- [EXERCISE GOAL] Only one span of the listing below should come back. It runs from the line with "Motel 6 Marble Falls, TX" through the line with "For Roidmi EVE", and each of its lines must be reproduced exactly.

Segment Start: EXERCISE MATERIAL

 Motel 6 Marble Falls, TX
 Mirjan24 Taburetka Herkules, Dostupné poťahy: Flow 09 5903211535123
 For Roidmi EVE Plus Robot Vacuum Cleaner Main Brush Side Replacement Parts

Segment End: EXERCISE MATERIAL
Segment Start: EXERCISE MATERIAL

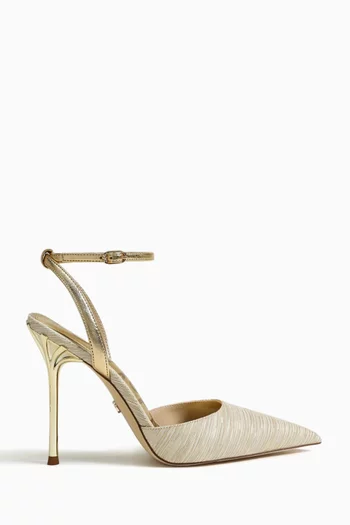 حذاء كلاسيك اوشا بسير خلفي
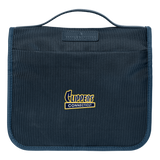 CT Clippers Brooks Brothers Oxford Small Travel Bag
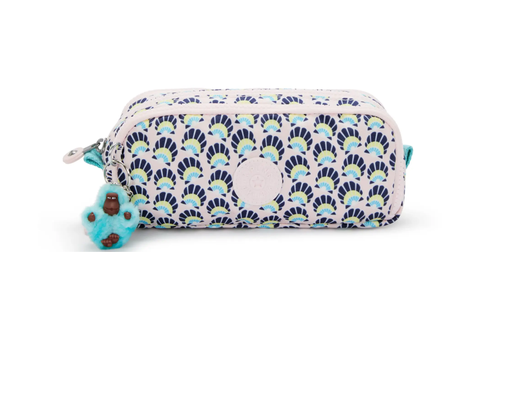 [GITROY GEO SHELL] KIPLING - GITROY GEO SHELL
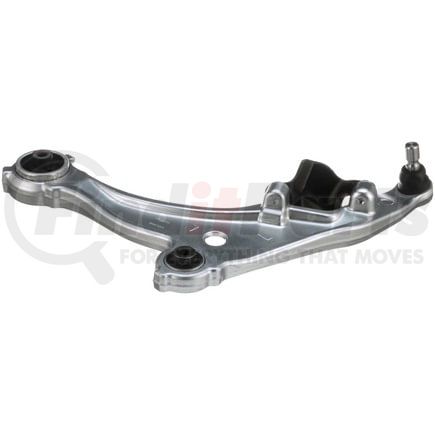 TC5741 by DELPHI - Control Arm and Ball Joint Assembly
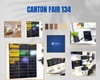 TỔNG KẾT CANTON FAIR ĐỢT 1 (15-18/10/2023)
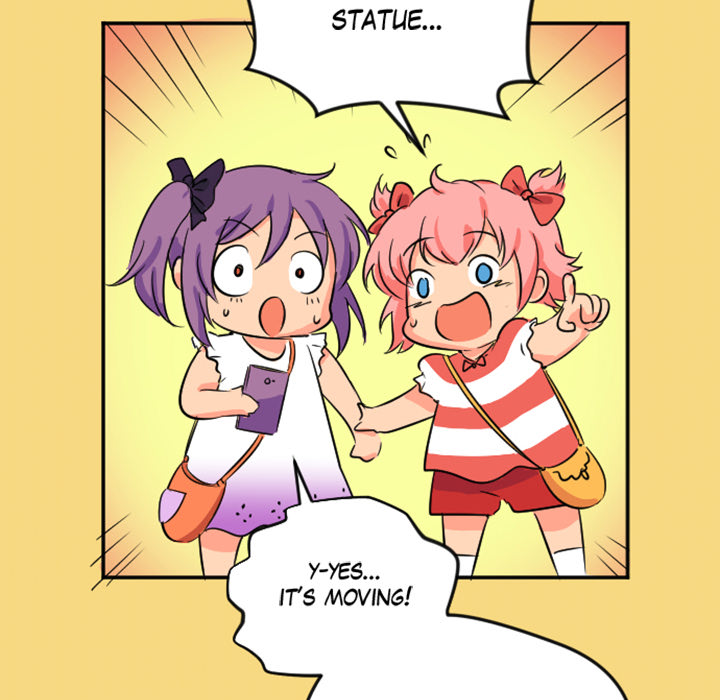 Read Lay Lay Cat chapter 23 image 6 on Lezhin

Segment End: EXERCISE MATERIAL

- [PROBLEM SOLUTION]
 Motel 6 Marble Falls, TX
 Mirjan24 Taburetka Herkules, Dostupné poťahy: Flow 09 5903211535123
 For Roidmi EVE Plus Robot Vacuum Cleaner Main Brush Side Replacement Parts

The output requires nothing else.